The other day, I was talking to a friend about the expectations I have for my book. Which are none. Seriously, none. I am far too naïve to have expectations. This is my first publishing rodeo, folks. I still get a flutter when someone posts an advance review on Goodreads, thinking, “Oh my god, people are actually reading it?” Yes, the mere fact that people besides my relatives are reading the thing is a daily shock and, frankly, enough of a reward.
As the publishing date looms closer, I have started to worry about how the book will be received. I thought I was much better at the not-caring-what-people-think thing, but apparently I have not evolved much past my junior high school years. When you write a novel, they (the experts on such things) tell you not to worry about anything but the story. And I’ve done that with every novel I’ve written. And it was easy because I never got to this point of actually putting the story out into the world for everyone to judge. Now that I’m at this point, I’m feeling suddenly very shy and a little tiny bit terrified. My publicist is currently setting up some local launch events for me and just thinking of them makes my palms sweat.
With the launch date on the horizon (May 24! Ah!), I’ve found myself prematurely preparing for criticism and, because I’m a masochistic lunatic, questioning my overall talent as a writer. I keep reading great books, books that stop me in my tracks and make me think, “My writing is nowhere near this level!” Panic ensues. I’m so glad I recently read Ann Patchett’s This is the Story of a Happy Marriage because her words give me great comfort:
“Forgiveness. The ability to forgive oneself. Stop here for a few breaths and think about this because it is the key to making art, and very possibly the key to finding any semblance of happiness in life. Every time I have set out to translate the book (or story, or hopelessly long essay) that exists in such brilliant detail on the big screen of my limbic system onto a piece of paper (which, let’s face it, was once a towering tree crowned with leaves and a home to birds), I grieve for my own lack of talent and intelligence. Every. Single. Time. Were I smarter, more gifted, I could pin down a closer facsimile of the wonders I see. I believe, more than anything, that this grief of constantly having to face down our own inadequacies is what keeps people from being writers. Forgiveness, therefore, is key. I can’t write the book I want to write, but I can and will write the book I am capable of writing. Again and again throughout the course of my life I will forgive myself.”
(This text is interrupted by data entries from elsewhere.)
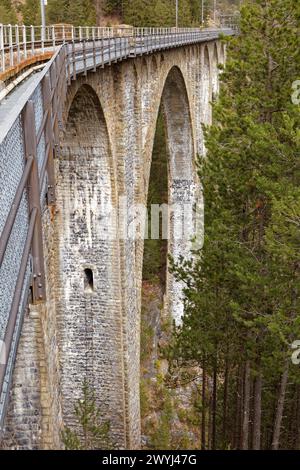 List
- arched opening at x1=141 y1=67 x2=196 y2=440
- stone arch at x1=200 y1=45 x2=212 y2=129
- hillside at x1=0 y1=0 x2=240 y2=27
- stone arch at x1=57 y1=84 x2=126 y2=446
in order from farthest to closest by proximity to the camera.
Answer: hillside at x1=0 y1=0 x2=240 y2=27 → stone arch at x1=200 y1=45 x2=212 y2=129 → arched opening at x1=141 y1=67 x2=196 y2=440 → stone arch at x1=57 y1=84 x2=126 y2=446

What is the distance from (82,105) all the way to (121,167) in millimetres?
2215

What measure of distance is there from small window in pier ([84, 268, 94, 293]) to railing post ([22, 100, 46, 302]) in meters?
10.4

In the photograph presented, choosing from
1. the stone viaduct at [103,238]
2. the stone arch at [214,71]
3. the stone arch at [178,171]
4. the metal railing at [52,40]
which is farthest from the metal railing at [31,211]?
the stone arch at [214,71]

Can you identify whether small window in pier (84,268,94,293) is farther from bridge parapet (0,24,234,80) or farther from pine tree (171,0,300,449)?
bridge parapet (0,24,234,80)

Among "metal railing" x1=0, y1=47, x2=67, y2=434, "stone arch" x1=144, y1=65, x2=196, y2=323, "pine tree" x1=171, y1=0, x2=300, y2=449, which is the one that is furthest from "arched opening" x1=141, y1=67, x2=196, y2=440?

Yes, yes, yes. I wrote the best book I could. It’s my debut and I’m sure my future books will benefit from the learnings of this one. It’s a solid story, but I’m under no illusion that everyone will love it. The main character is controversial and flawed and people may hate her (and, thus, the book). [On a side note, I’ve always found this criticism kind of strange. My sister said, “That’s like saying, ‘I liked Silence of the Lambs, except for that creepy Hannibal Lecter.'”] My writing is good, but I’m not a poet by any means. I wish I had the talent to spend a page describing a blade of grass, but I’m just not that descriptive. I care about characters and dialogue and plot. I write how people speak. Someone said to me the other day, “You must be really good at Words with Friends because you know so many big words,” and I said, “I don’t really know that many big words.” [Another side note: I still don’t know what “QI” means, but I play it at least once every game.]
Elizabeth Gilbert writes on this subject in Big Magic, too. She says there are those who hem and haw over whether one person’s art is “more elevated” than another person’s. Gilbert’s response: Who cares? I’m with her. There is room in this world for all kinds of books. My book is what it is. It’s commercial fiction. It’s not a literary masterpiece. It’s a good story. I think it will have wide appeal, but it definitely won’t appeal to everyone. At some point, preferably before May 24, I’m going to have to accept that.